Game Director. Schell Games, November 2016
Happy Atoms is an augmented reality chemistry modeling set with physical toys and a digital app. The app takes pictures of completed molecules built with the toy and identifies them for the player. The discovery of molecules feeds into a game loop featuring a map that tracks the progress of each discovery and a research (quest) system that encourages players to find specific molecules. This was the first project I directed, and my responsibilities spanned team direction, working closely with our manufacturing partner, Thames and Kosmos, coordinating with our research partner, WestEd, and reporting our progress to the Department of Education, our grant funder.
Systems Designer. Schell Games, October, 2015
Orion Trail followed in the footsteps of Enemy Mind as a jam week project turned full project. I was chosen by the team to join in once it was internally green-lit to create sustainable systems for this space-comedy adventure game. I designed the game’s Probability Drive, an outcome selector that modifies its odds for an outcome based on player attributes. Each encounter has four outcomes, Critical Failure, Failure, Success, and Critical Success, and any encounter can be navigated using one of five attributes. In addition to balancing the systems, I wrote content for these encounters, which included the setup and 20 outcomes.

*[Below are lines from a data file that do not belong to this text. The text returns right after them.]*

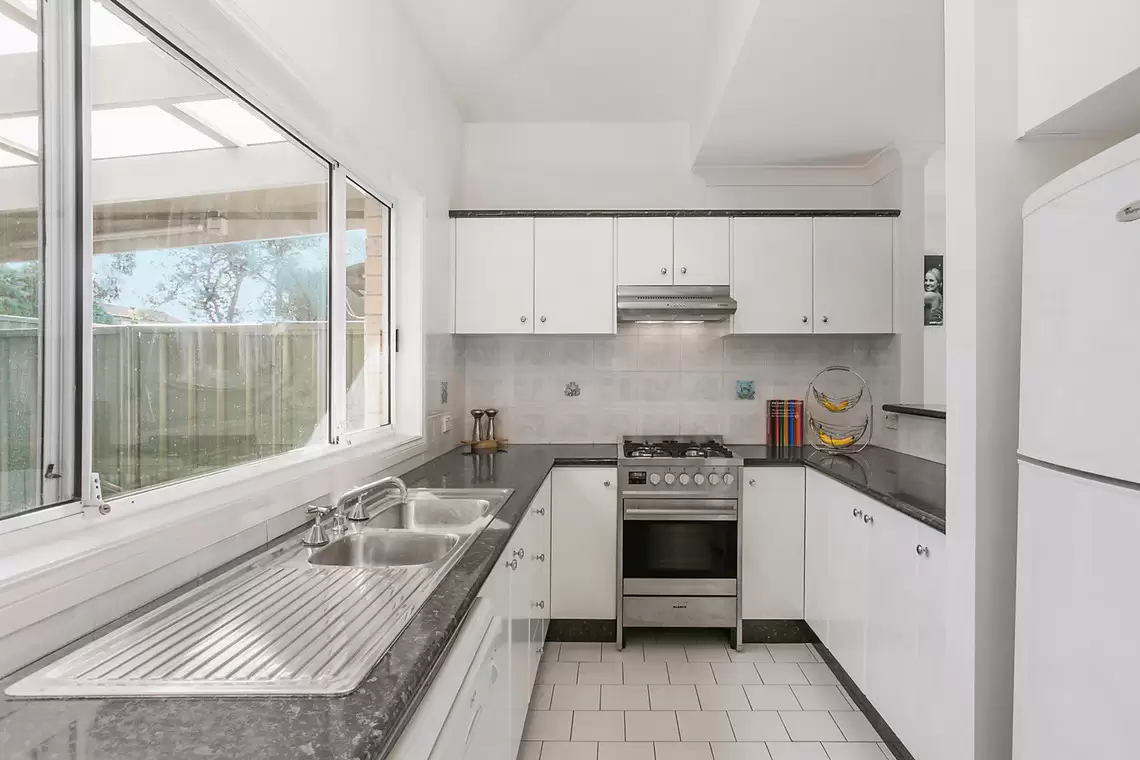 9/58 Thalassa Avenue, East Corrimal Sold by Laurence Morgan Real Estate - image 2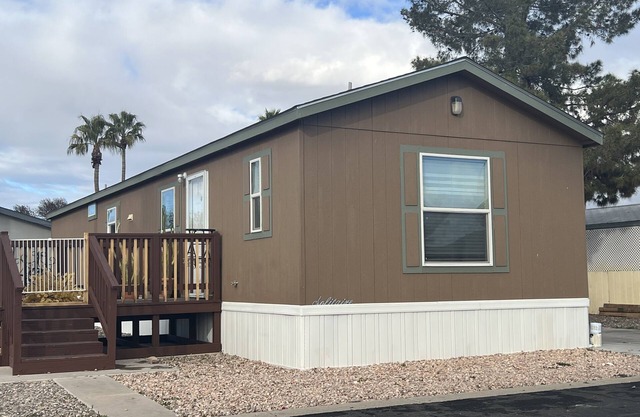 Super bowl rental only 2.6 mile away from the Stadium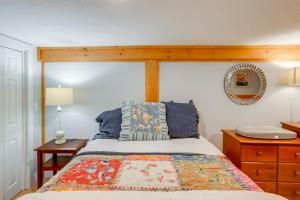 Postel nebo postele na pokoji v ubytování 5 Mi to Mt Snow Secluded Family Home with Game Area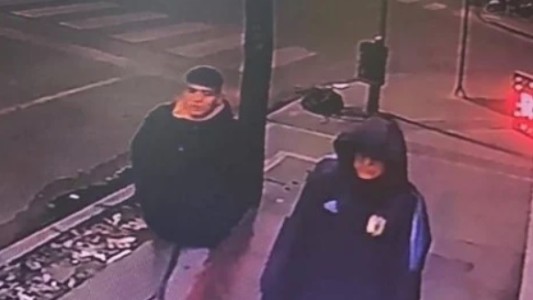 "Salieron a cazar": asesinaron a un joven en la parada de colectivo y siguen prófugos
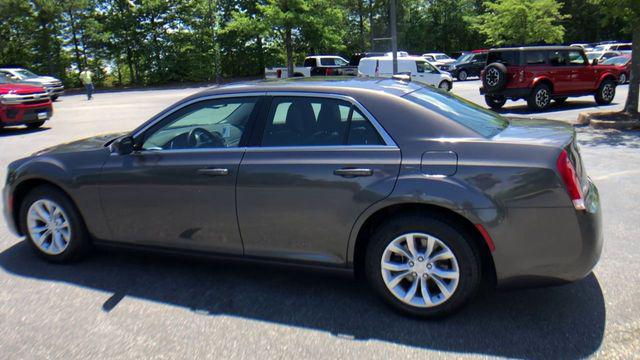 2015 Chrysler 300 Limited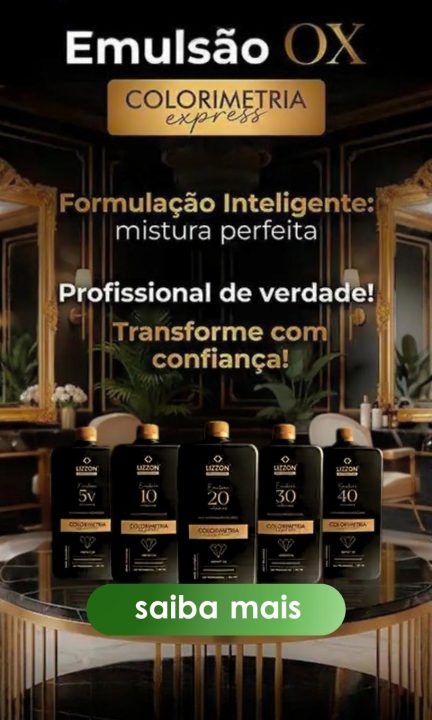 Um conjunto de cinco frascos pretos de produtos para cabelo Emulsão OX Colorimetria Express é exibido em uma mesa refletora em uma sala luxuosa com decoração dourada e preta. Um texto em português promove o produto acima e abaixo dos frascos.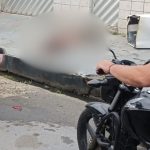 Perseguição entre carro e moto termina com morte de mulher em Manaus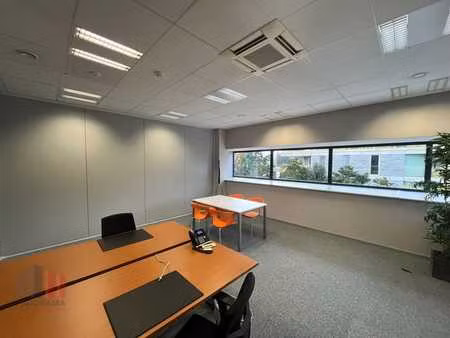bureau élégamment meublé dans un centre d'affaires straté...
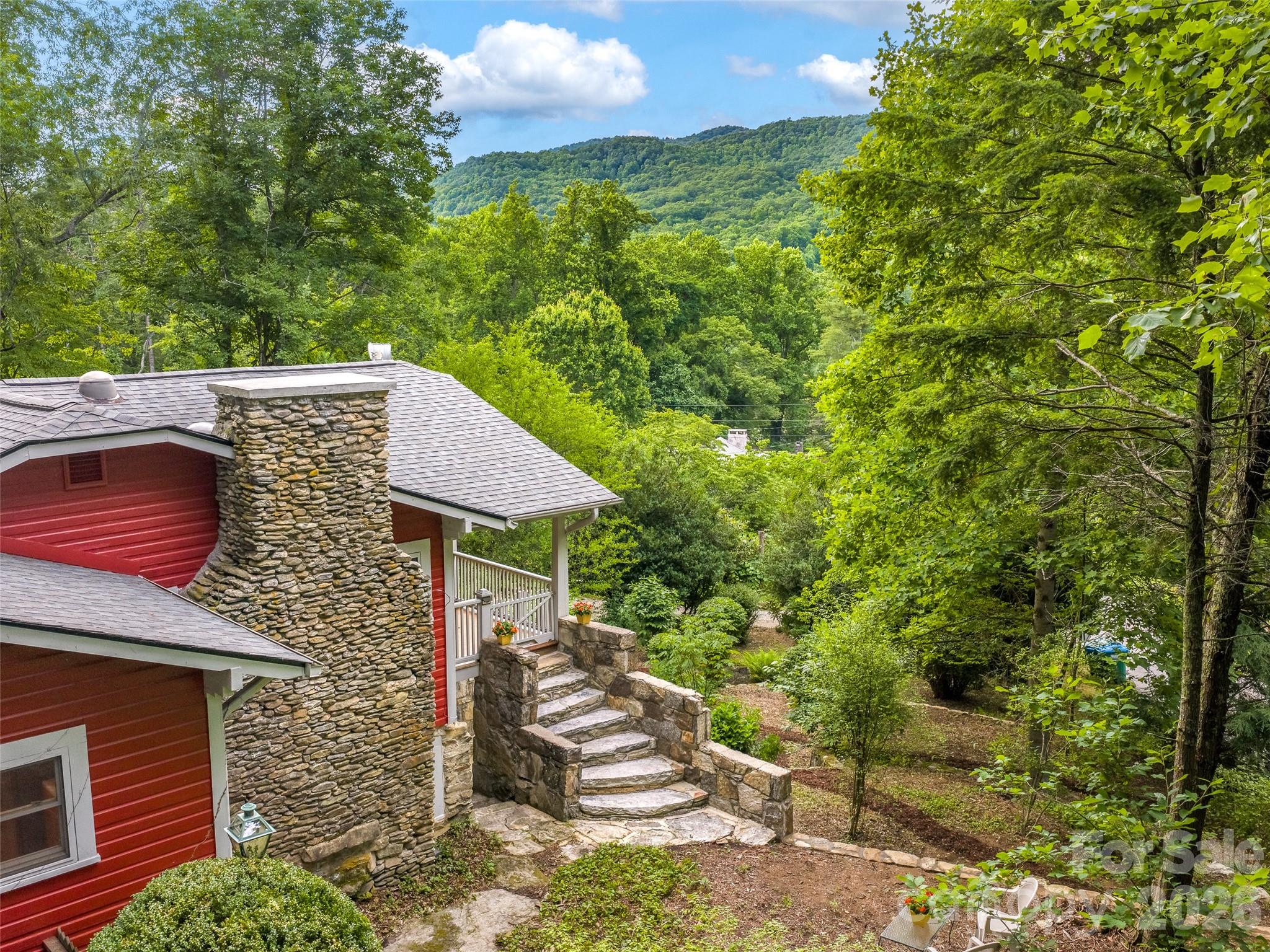 206 Chestnut Hill Road — Gerton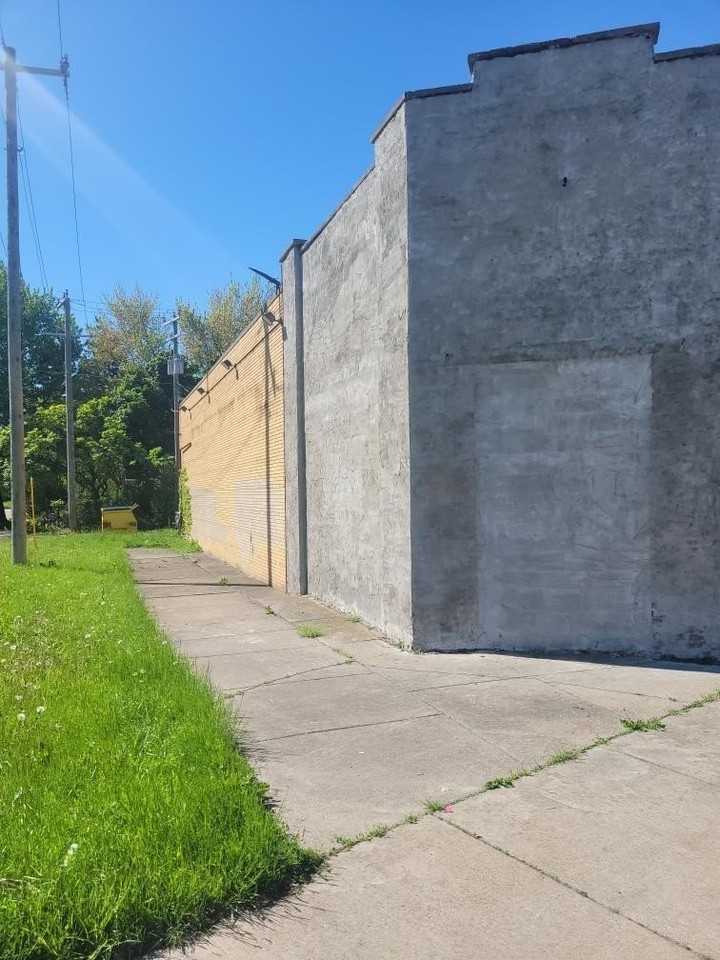 16334 Harper Ave - Photo 2 of 4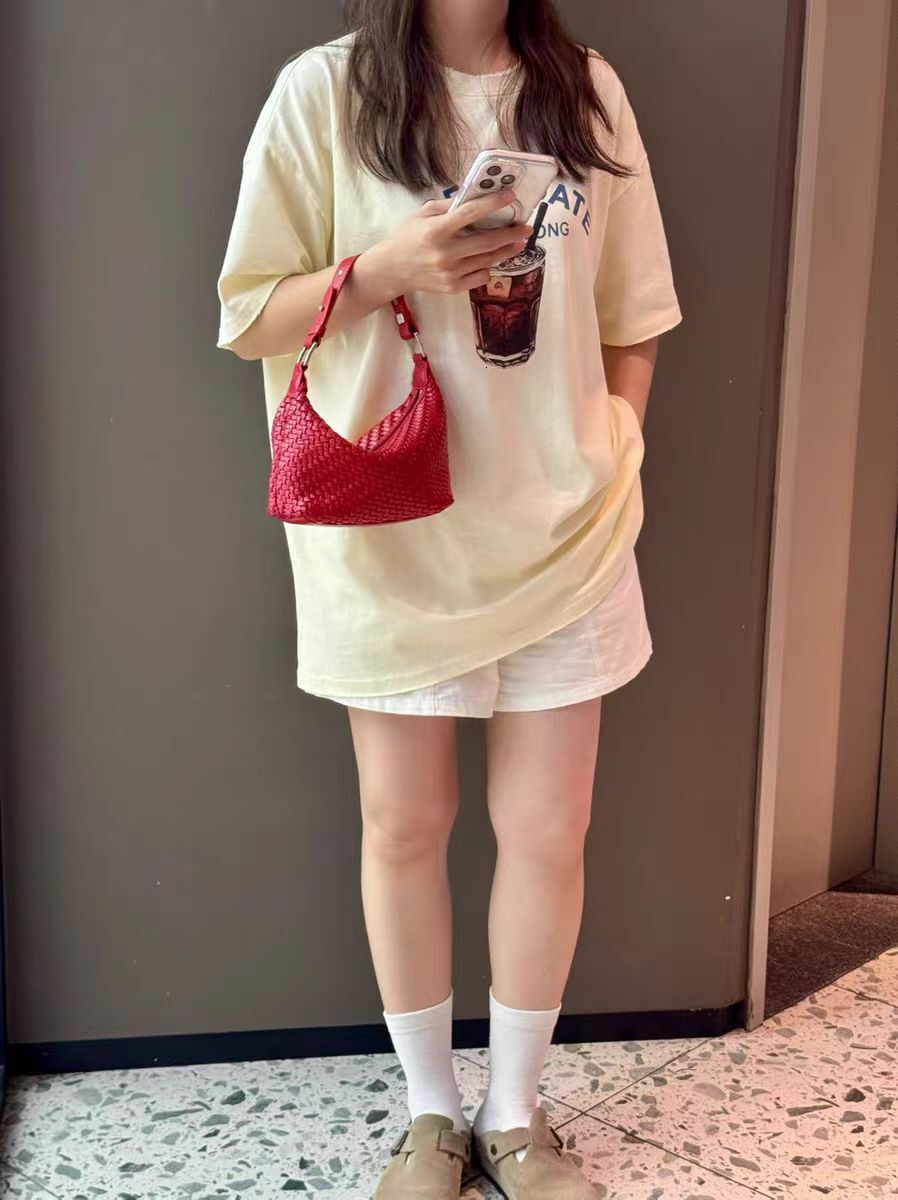 Designer Bag Handwoven Fashion Handheld Underarm Lunch Box Bag Versatile Soft Leather High-end Niche Design Single Shoulder Crossbody Bag Luxury Bag F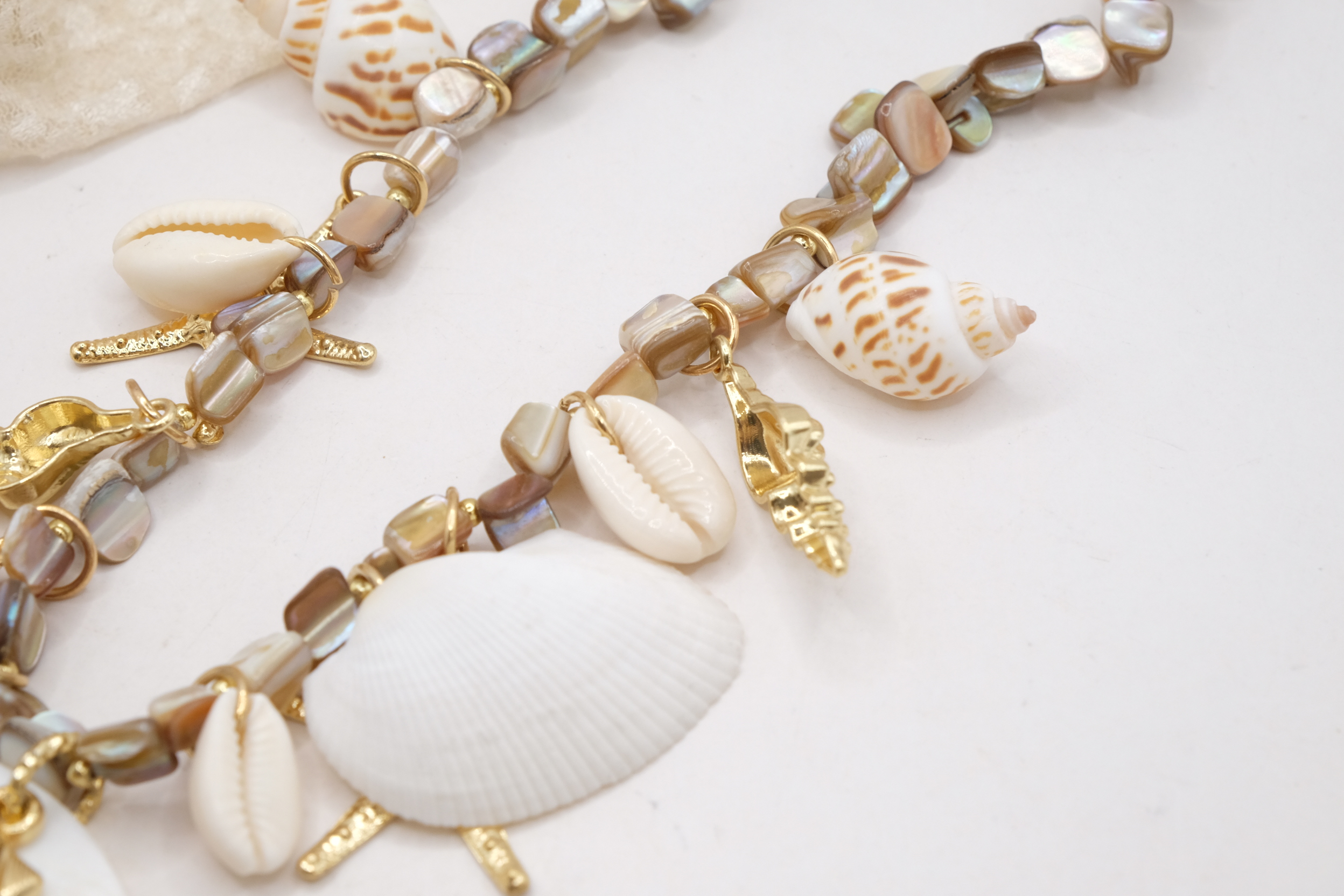 COLLANA ARTIGIANALE MADREPERLA CONCHIGLIE CONCHIGLIA OTTONE (6)
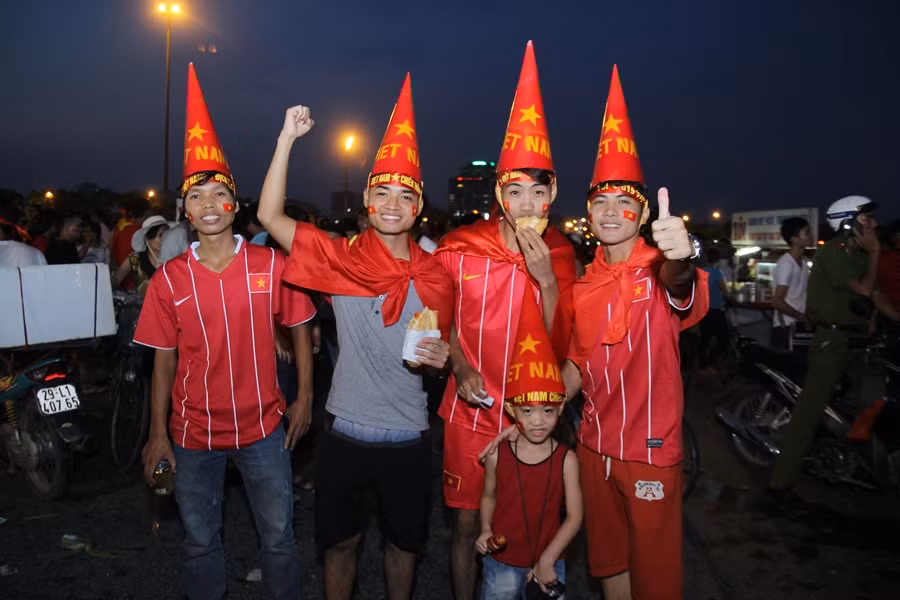 [Photo] "Chảo lửa" Mỹ Đình rực đỏ trong trận chung kết U19 ảnh 14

Level Designer. Schell Games, June, 2014
Enemy Mind was conceived as an internal jam week project which was pitched to the leadership and turned on as a small-team project. Although I was not involved in the pitch process, I was brought in as a level designer to balance the difficulty curve across the game. I collaborated with the other designer to shape what kind of behavior we wanted out of the enemy ships and defined the pacing of each level. Using our internal scripting system, I created encounters and tweaked them in response to playtest data.
Systems Design Intern. Schell Games, Unreleased
This was my second internship during the ETC program and it was a definite change of pace for me. They had just started the project a mere two weeks before I joined planting me firmly into the concept phase; it was a good continuation of my game development experience, compared with my experience of beta with Dungeon Defenders and alpha with XCOM. It was a small team (3 designers, 1 artist, 1 producer) and we focused on planning the core systems and defining the player experience. It was a fantastic mentorship experience particularly because the team was small and the other designer that I worked closely with was systems-oriented like myself.
The Bureau: XCOM Declassified
Level & Systems Design Intern. 2K Marin, August, 2013
I was a part of the XCOM team over the summer between the first and second years of my master’s program. My primary responsibility was to rotate between the level designers to support them on their tasks. I tackled scripting bugs, tuned combat encounters by tweaking cover placement or enemy composition, and prototyped scripted events so that animators and cinematic scripters could see what the level designer wanted. Through this process I received mentoring from a breadth of level designers while contributing to the game in a concrete way during the alpha phase.
Level Scripter, Game Tester. Trendy Entertainment, 2011
I started at Trendy during my last semester of undergraduate studies in psychology. It was my first experience in game development environment and the small nature of the studio helped me understand the interplay between the different roles. I started as a quality assurance tester and I transitioned to a level scripter, eventually fixing minor bugs that I found through testing. I was quickly exposed to how the different pipelines worked together to actually build the game and that knowledge was the foundation for my understanding of game development, particularly of the beta phase. I’m grateful to the Trendy team for my first opportunity to work on a game in a professional capacity.